We all reunited for dinner and swapped stories about the worst jobs and injuries we'd ever had before heading out to a pavilion for a massive night on Mongolian vodka. The crowning achievement of the night was a game of 21 in which we managed to assign a rule to every number up to twenty-one, something the game's initiator Ajay assured us he'd never done. I hadn't played it before, but the object is to go around the circle, each saying a number until you get to twenty-one, when you introduce a new rule like 'swap seven and fourteen' or 'stand up when you say 'twelve''. If you forget a rule you have to drink and the whole group starts back at one. This was the complete list (language warning):

1 – Replace with 'Odeen' (Russian word for 'one')
2 – Replace with a drink
3 – Replace with 'F*!k'
4 – Replace with 'Me'
5 – Replace with 'Hard'
6 – Replace with a dolphin's cry
7 – Replace with 'Fourteen'
8 – Reverse direction
9 – Replace with 'Nineteen'
10 – Replace with 'Sharon!'
11 – Replace with 'Thirteen'
12 – Say like a trumpeting elephant (with trunk gesture)
13 – Replace with 'Eleven'
14 – Replace with 'Seven'
15 – Stand up
16 – Replace with banging both fists on the table
17 – Replace with banging your forehead on the table
18 – Skip
19 – Replace with slapping both hands on the table and then clapping
20 – Replace with a clap
21 – Make a new rule.

Every time someone stuffed it up all of us would go crazy, and every time we made it to twenty-one we went even crazier. Zac and I were both pretty hopeless at different points (perhaps we were the most drunk?), and at one stage instead of saying 'seven' I just kind of made a bunch of noises that sounded more like 'ShaRON', which became its own rule and a catchcry for the rest of the trip. 
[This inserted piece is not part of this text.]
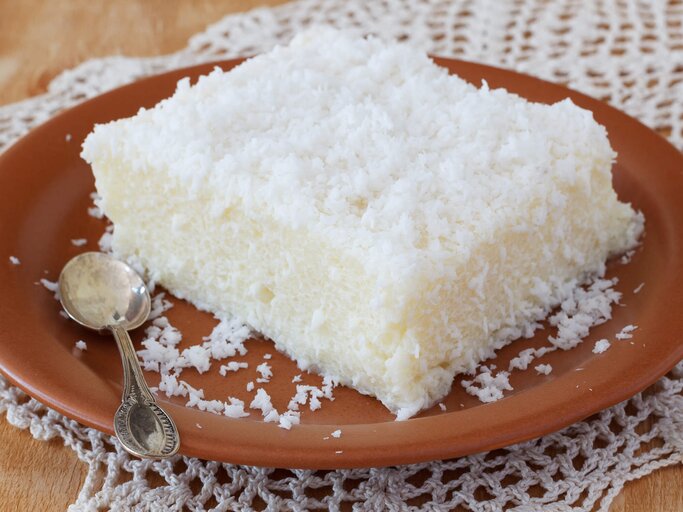 Ein Stück falsche Raffaello-Torte auf Teller serviert | © Getty Images/jantroyka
Apparently we caused a bit of a stir throughout the camp, earning the ire of quite a few parties. One Japanese group who'd come for a relaxing stay in the Mongolian countryside (probably to briefly escape their hideous lives as Tokyo drudges) couldn't sleep and got a free night from the resort, which I'm sure made the owners hate us even more than they already did (mostly for bringing our own lunch instead of paying to eat theirs). Chris went back to the ger at some point at the extreme opposite point of the camp and reported back that, even at that distance, we sounded like a footy crowd. The next morning Tim told us we were 'famous' around the camp, and we got a lot of accompanying looks from other tables at breakfast, except for the older Aussies on the sundowners tour who said we weren't loud enough.

Isabell, Chris, Emma and Anika. 

Isabell, Chris, Emma, Anika and Heli

When we finally reached the last twenty-one, everyone went nuts, Ajay knocked all the drinks off the table, George dived onto some of the others and, somehow, in all of the chaos, a chair was broken. Here's George holding the leg aloft.

Daniel and Zac disposing of the evidence. They chucked it against a rock in what seemed like the distance, but in the morning you could see it from the restaurant. Tim got a call a few days later asking if it was us, which was strenuously denied.

Back to drinking.

Heli and Matt with our visitor from Warilla.

Nathan, Chris, Anika, Daniel and Zac.

Matt, Emma, George and Ajay.

Another Sundowners guide, Dave (who we dubbed 'Davo') joined us, constantly intoning his catchphrase, 'Let's get f*!ked up!'

Every time she drinks.

Shuffling pro Ajay.

This is Anika's photo. I stole it because I didn't have any of Til and I. My face is obscured by a cup but it's better than nothing.

Zac about to demonstrate the reverse situp.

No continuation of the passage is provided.